Bien avant l'ouverture du Festival cinq jurys avaient commencé de sélectionner les livres auxquels seraient décernés les « Aigles d'Or » de la Ville de Nice. Les dernières réunions permirent l'attribution de ces récompenses aux ouvrages suivants :
Aigle d'Or de la Poésie ............. NORGE, pour le Vin profond (Flammarion).
Aigle Spécial de la Poésie............. KOWALSKI, pour Sommeils (Grasset).
Aigle d'Or du Roman ............... Andrea GIOVENE, pour Autobiographie de San Severino (Denoël).
Aigle d'Or du Document et du Témoignage .......................... Jean-Raymond TouRNoux, pour le mois de mai du Général (Plon).
Aigle d'Or du Meilleur Livre ......... Stèle, de Victor SEGALEN (Bibliophiles de Provence).

La participation officielle étrangère apportait dans le Palais des Expositions une note particulièrement originale, chaque pays, ou groupement de pays, ayant tenu à concevoir et à réaliser (sur 100 ou 200 m2) un pavillon donnant un aperçu aussi complet et aussi singulier que possible de la vie culturelle : Minaret de la Ligue des États Arabes, pavillon en bois de l'Autriche mais aussi représentation très importante de l'Italie, du Portugal, de la Belgique. A titre d'exemple, soulignons la participation exceptionnelle du Québec (Canada et Québec avaient envoyé cinquante personnes à Nice); le stand se présentait sous forme de construction légère : revêtement de vinyle sur une structure d'acier abritant 500 volumes et publications gouvernementales avec 36 écrans (6 sur chacun des 6 murs) qui recevaient une projection permanente de diapositives sur la littérature québecoise tandis que des écouteurs individuels permettaient aux visiteurs d'écouter des enregistrements sur bandes magnétiques de textes représentatifs de la jeune littérature.

Mentionnons enfin trois réalisations qui attirèrent le plus grand nombre de visiteurs curieux ou passionnés :

I) Présentation par l'École nationale des arts décoratifs de Nice des étapes de la fabrication d'une gravure, d'une illustration de livre et de reliures.
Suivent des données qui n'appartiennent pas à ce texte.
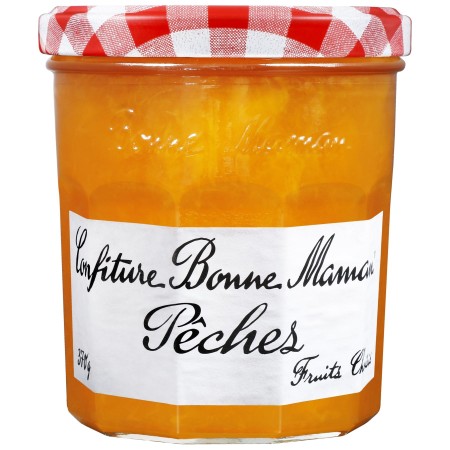 CONF BONNE MAMAN PESCHE GR 370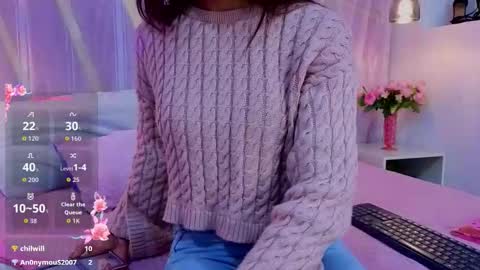 emma cortez online show from March 4, 12:12 pm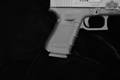 2015 Glock Glock 23 Gen4 .40 S&W Melonite in Excellent Condition Image 3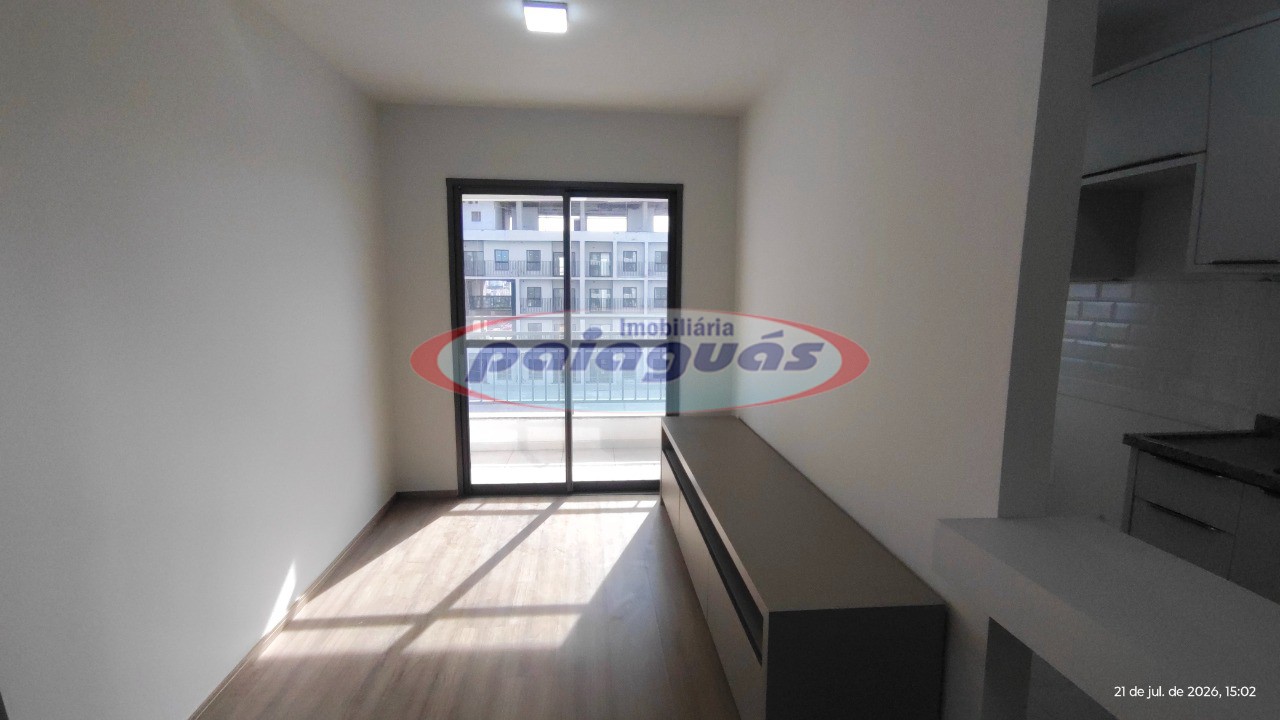 Apartamento para alugar em Jardim Aclimação, Maringá — Portal Chave Fácil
En permanence, vingt jeunes gens se livraient au dessin, à la gravure, au tirage, à la reliure avec tout le matériel approprié et conversaient avec les visiteurs qui les interrogeaient ou parfois, lorsqu'il s'agissait de professionnels et d'artistes, leur donnaient avis et conseils.

2) Fabrication de papier à la forme par des ouvriers auvergnats du Moulin Richard de Bas qui avaient apporté tout le matériel utilisé depuis le XIVe siècle. Des feuilles blanches ou parsemées de pointes de fougère pouvaient être acquises.

3) Participation importante de l'Office de Radiodiffusion-Télévision française qui avait conçu un stand-studio en forme de livre ouvert, une partie consacrée à la Radio permettant l'écoute de textes écrits ou adaptés par l'Office, l'autre dévolue à la Télévision présentant chaque jour sur plusieurs écrans deux ou trois « dramatiques » intégrales. De nombreuses émissions étaient envoyées en direct sur l'antenne ou enregistrées et il faut préciser à ce propos les chiffres de « couverture » du Festival par les stations de Radio et de Télévision.

Radiodiffusion :
ORTF : 20 émissions sur France-Culture;
Une journée complète sur France-Inter
14 émissions à Nice-Côte d'Azur.
Radio Monte-Carlo : 22 émissions.

Télévision :
ORTF : II émissions sur les Chaînes nationales
15 émissions sur le programme régional.
Télé-Monte-Carlo : 19 émissions.

Participation pour mémoire, des offices allemand, autrichien, canadien et suisse.

On ne peut donner maintenant qu'un aperçu sommaire, sous forme de catalogue, des différentes activités, représentations et manifestations qui eurent lieu à Nice dans le cadre du Festival et le plus souvent organisées à son instigation ou par ses soins :

Projection permanente et gratuite de courts et moyens métrages apparenté au thème de la journée.

Dans une autre salle, projection permanente de grands films français et étrangers adaptés d'œuvres littéraires (Une vie, Falstaff, Barrage contre le Pacifique).

Représentations théâtrales quotidiennes par la troupe niçoise d'art dramatique : « Les Vaguants » (Boris Vian, Ionesco).

Exposition des plus belles photographies sur le thème : « La Photographie et le livre » organisée par Europhot.

A l'Opéra de Nice, Soirée de ballets avec le théâtre français de la Danse de Joseph Lazzini, Concert Ravel avec Vlado Perlemuter et Concert de clôture.

Au Centre universitaire méditerranéen, lectures publiques pour l'ORTF d'œuvres présentées par leur auteur : Jules Roy, avec François Périer. Congrès nternational des écrivains-médecins.

Assemblée générale de l'Association culturelle des librairies de littérature générale.

Les organisateurs du Festival avaient craint que les élections présidentielles ne compromettent la manifestation. En fait, elles retardèrent simplement l'arrivée du public. Le Festival avait été inauguré le 31 mai par M. Jacques Medecin qui accueillait M. Étienne Dennery et lui faisait visiter le Palais avant que l'Administrateur Général ne reçoive les personnalités à la Galerie des Ponchettes où était vernie l'Exposition de la Bibliothèque nationale.

Le Palais devait recevoir la visite de 70 000 personnes dont beaucoup se pressèrent autour des 150 écrivains qui signèrent leur livres. 200 journalistes s'étaient déplacés pour cette première manifestation et l'accueil réservé par la Presse au Festival devait inciter le Député-Maire à annoncer officiellement lors de la remise des Aigles d'Or, que le second Festival aurait lieu au printemps 1970.